The task: Collect the lines of the entries where "showcasing" shows up.
[Opening Records section]
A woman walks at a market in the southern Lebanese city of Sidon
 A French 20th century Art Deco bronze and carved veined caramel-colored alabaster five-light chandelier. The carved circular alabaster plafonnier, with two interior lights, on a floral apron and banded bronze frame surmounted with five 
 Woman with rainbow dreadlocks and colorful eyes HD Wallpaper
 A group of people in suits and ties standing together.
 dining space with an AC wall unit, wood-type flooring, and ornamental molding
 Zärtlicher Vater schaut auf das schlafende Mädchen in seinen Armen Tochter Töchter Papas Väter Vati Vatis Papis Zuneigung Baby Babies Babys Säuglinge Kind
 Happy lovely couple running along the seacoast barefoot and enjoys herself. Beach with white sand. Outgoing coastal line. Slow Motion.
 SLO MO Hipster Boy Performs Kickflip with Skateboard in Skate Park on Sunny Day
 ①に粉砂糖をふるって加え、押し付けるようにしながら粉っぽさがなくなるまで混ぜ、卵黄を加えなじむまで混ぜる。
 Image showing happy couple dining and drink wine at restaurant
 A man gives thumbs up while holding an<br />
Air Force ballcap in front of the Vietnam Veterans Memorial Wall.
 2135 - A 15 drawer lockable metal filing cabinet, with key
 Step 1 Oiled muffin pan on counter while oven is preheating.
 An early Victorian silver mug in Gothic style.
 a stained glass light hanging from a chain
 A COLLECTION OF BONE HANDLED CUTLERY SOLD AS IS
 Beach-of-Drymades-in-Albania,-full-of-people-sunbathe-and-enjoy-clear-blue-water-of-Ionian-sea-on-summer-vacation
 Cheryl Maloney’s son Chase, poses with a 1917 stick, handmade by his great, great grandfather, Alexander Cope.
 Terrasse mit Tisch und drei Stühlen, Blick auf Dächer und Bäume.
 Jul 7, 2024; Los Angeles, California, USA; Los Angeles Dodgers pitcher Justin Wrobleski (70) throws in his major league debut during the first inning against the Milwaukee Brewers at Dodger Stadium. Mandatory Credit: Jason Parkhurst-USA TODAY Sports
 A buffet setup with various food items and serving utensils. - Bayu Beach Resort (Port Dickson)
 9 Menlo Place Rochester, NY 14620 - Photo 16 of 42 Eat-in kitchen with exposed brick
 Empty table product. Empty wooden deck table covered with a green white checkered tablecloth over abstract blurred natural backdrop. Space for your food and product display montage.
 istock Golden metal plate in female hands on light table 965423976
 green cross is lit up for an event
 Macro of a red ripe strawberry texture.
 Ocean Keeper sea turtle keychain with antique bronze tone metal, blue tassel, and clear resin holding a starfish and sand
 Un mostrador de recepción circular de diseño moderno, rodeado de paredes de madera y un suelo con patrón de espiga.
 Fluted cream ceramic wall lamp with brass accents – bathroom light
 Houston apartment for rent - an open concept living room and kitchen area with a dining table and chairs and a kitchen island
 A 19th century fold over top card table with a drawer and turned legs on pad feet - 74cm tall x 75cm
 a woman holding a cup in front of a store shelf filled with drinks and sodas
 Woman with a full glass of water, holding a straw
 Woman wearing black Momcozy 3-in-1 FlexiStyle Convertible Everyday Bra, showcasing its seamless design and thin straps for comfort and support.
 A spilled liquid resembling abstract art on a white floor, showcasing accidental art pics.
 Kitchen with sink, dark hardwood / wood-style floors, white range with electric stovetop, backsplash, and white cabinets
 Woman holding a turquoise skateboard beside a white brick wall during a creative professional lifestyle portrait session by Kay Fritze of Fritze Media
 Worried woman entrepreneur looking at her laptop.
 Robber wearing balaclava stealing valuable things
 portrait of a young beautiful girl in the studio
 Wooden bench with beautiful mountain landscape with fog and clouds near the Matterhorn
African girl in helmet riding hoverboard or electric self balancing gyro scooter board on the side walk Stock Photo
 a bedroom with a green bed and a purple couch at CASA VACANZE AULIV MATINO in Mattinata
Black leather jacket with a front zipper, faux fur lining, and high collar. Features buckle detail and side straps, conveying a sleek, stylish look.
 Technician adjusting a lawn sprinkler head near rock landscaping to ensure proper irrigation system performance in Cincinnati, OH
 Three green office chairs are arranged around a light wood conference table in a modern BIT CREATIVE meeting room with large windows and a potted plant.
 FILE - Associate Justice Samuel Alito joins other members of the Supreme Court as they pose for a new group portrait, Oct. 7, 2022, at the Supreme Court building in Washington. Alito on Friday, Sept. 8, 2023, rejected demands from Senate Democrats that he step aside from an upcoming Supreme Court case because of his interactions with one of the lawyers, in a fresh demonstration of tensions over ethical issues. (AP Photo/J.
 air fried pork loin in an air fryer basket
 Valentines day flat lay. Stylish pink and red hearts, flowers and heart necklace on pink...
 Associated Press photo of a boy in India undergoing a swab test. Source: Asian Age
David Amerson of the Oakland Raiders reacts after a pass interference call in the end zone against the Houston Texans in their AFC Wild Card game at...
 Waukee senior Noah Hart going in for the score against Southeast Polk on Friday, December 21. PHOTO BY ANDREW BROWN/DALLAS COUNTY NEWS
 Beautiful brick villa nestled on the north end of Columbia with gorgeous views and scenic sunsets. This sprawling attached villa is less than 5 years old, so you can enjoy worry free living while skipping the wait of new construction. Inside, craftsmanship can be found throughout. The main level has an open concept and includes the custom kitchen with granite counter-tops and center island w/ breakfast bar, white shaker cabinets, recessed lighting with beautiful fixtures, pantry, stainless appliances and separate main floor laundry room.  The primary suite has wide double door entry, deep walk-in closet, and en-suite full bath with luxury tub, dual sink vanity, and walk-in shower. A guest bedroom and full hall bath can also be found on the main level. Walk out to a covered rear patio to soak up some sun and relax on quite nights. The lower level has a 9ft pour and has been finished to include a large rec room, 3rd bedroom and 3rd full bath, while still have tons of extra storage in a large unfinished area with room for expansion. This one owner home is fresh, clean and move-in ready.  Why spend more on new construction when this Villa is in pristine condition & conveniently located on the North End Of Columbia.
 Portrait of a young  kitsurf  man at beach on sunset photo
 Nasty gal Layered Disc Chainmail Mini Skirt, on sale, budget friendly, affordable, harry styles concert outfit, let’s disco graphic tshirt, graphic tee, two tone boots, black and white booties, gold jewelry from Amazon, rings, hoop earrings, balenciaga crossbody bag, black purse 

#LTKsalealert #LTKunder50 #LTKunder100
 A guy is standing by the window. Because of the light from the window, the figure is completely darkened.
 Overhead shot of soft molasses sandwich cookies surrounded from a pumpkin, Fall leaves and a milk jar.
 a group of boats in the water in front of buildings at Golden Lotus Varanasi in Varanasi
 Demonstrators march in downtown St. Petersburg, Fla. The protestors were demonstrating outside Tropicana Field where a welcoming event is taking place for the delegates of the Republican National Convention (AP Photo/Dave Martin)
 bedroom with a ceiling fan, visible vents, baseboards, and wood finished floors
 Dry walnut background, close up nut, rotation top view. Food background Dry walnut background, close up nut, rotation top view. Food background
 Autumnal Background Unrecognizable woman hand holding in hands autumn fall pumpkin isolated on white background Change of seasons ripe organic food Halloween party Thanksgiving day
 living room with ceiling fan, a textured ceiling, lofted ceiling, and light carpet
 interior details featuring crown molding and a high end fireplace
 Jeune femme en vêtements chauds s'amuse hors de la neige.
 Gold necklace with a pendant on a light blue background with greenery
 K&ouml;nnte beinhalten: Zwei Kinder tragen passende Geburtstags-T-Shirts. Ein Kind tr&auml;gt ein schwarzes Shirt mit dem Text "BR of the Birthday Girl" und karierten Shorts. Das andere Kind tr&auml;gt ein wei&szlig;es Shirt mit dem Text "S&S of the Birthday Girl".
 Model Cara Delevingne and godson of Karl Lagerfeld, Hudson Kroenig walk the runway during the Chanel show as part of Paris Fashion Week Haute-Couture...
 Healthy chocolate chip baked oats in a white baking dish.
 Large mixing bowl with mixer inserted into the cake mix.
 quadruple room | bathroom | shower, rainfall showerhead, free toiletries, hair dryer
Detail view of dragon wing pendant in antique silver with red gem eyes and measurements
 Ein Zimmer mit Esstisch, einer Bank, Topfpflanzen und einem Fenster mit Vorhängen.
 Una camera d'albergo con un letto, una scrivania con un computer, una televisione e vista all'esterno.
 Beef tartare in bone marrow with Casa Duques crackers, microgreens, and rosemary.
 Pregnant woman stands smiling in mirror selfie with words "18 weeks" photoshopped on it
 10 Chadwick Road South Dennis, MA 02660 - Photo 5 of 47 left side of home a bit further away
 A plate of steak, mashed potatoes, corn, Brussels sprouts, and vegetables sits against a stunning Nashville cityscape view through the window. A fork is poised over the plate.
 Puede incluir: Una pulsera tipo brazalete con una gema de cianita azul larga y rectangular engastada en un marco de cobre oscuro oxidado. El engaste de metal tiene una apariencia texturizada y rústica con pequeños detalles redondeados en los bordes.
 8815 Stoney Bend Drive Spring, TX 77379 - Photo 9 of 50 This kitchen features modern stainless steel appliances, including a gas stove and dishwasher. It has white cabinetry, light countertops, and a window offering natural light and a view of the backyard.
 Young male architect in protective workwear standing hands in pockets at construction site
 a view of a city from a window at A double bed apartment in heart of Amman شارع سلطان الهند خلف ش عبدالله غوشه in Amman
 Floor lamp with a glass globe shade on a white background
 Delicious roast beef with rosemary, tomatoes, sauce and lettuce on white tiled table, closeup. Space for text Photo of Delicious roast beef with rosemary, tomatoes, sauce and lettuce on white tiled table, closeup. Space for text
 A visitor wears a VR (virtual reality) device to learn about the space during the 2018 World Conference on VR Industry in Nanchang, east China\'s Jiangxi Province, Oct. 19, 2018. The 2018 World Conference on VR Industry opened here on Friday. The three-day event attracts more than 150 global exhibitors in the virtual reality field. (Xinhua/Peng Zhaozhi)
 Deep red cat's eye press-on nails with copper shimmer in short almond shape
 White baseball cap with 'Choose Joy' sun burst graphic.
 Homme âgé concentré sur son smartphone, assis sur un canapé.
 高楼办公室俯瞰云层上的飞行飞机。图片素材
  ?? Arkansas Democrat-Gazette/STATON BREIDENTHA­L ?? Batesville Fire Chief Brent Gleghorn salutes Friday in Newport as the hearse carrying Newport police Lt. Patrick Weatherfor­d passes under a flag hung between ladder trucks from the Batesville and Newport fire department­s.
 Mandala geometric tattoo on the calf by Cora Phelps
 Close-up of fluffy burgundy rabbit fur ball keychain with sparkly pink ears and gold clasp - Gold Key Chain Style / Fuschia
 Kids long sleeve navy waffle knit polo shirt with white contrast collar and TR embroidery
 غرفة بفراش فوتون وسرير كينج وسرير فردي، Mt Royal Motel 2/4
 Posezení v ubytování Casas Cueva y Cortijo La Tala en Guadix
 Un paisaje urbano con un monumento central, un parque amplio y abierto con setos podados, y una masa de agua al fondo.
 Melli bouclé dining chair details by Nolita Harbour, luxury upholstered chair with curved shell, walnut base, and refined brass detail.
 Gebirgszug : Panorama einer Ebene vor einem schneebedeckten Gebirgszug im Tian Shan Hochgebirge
[Closing Records section]
Reply to the task:
 Woman wearing black Momcozy 3-in-1 FlexiStyle Convertible Everyday Bra, showcasing its seamless design and thin straps for comfort and support.
 A spilled liquid resembling abstract art on a white floor, showcasing accidental art pics.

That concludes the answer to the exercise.